Validate string to contain only qualifying characters and a specific optional substring in the middle

713 Views Asked by At

I'm trying to make a regular expression in PHP. I can get it working in other languages but not working with PHP.

I want to validate item names in an array

  • They can contain upper and lower case letters, numbers, underscores, and hyphens.
  • They can contain => as an exact string, not separate characters.
  • They cannot start with =>.
  • They cannot finish with =>.

My current code:

$regex = '/^[a-zA-Z0-9-_]+$/';    // contains A-Z a-z 0-9 - _
//$regex = '([^=>]$)';  // doesn't end with =>
//$regex = '~.=>~';  // doesn't start  with =>

if (preg_match($regex, 'Field_name_true2')) {
    echo 'true';
} else {
    echo 'false';
};
// Field=>Value-True
// =>False_name
//Bad_name_2=>
4

There are 4 best solutions below

1
Barmar On BEST ANSWER

Use negative lookarounds. Negative lookahead (?!=>) at the beginning to prohibit beginning with =>, and negative lookbehind (?<!=>) at the end to prohibit ending with =>.

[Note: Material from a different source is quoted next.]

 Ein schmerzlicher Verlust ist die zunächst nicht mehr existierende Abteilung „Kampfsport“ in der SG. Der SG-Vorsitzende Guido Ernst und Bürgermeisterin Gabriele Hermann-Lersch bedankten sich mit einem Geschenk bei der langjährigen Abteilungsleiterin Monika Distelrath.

^(?!=>)(?:[a-zA-Z0-9-_]+(=>)?)+(?<!=>)$

DEMO

3
The fourth bird On

For the example data, you can use

^[a-zA-Z0-9_-]+=>[a-zA-Z0-9_-]+$

The pattern matches:

  • ^ Start of string
  • [a-zA-Z0-9_-]+ Match 1+ times any of the listed ranges or characters (can not start with =>)
  • => Match literally
  • [a-zA-Z0-9_-]+ Match again 1+ times any of the listed ranges or characters
  • $ End of string

Regex demo

If you want to allow for optional spaces:

^\h*[a-zA-Z0-9_-]+\h*=>\h*[a-zA-Z0-9_-]+\h*$

Regex demo

Note that [a-zA-Z0-9_-] can be written as [\w-]

0
Jan On

Well, your character ranges equal to \w, so you could use

^(?!=>)(?:(?!=>$)(?:[-\w]|=>))+$

This construct uses a "tempered greedy token", see a demo on regex101.com.

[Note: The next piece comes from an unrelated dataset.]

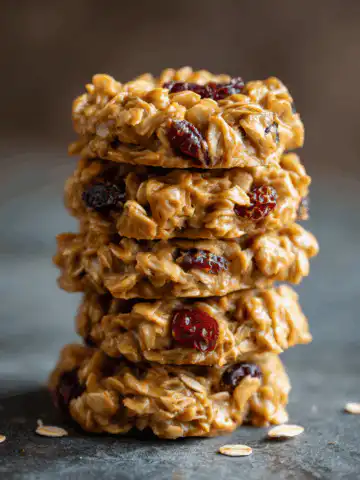 No-Bake Peanut Butter Oatmeal Cookies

More shiny, complicated and surely over the top, you could use subroutines as in:

(?(DEFINE)
    (?<chars>[-\w])             # equals to A-Z, a-z, 0-9, _, -
    (?<af>=>)                   # "arrow function"
    (?<item>
        (?!(?&af))              # no af at the beginning
        (?:(?&af)?(?&chars)++)+
        (?!(?&af))              # no af at the end
    )
)
^(?&item)$

See another demo on regex101.com

2
mickmackusa On

There is absolutely no requirement for lookarounds here.

Anchors and an optional group will suffice.

Demo

/^[\w-]+(?:=>[\w-]+)?$/
        ^^^^^^^^^^^^^-- this whole non-capturing group is optional

This allows full strings consisting exclusively of [0-9a-zA-Z-] or split ONCE by =>.

The non-capturing group may occur zero or one time.

In other words, => may occur after one or more [\w-] characters, but if it does occur, it MUST be immediately followed by one or more [\w-] characters until the end of the string.


To cover some of the ambiguity in the question requirements:

  • If foo=>bar=>bam is valid, then use /^[\w-]+(?:=>[\w-]+)*$/ which replaces ? (zero or one) with * (zero or more).

  • If foo=>=>bar is valid then use /^[\w-]+(?:(?:=>)+[\w-]+)*$/ which replaces => (must occur once) with (?:=>)+ (substring must occur one or more times).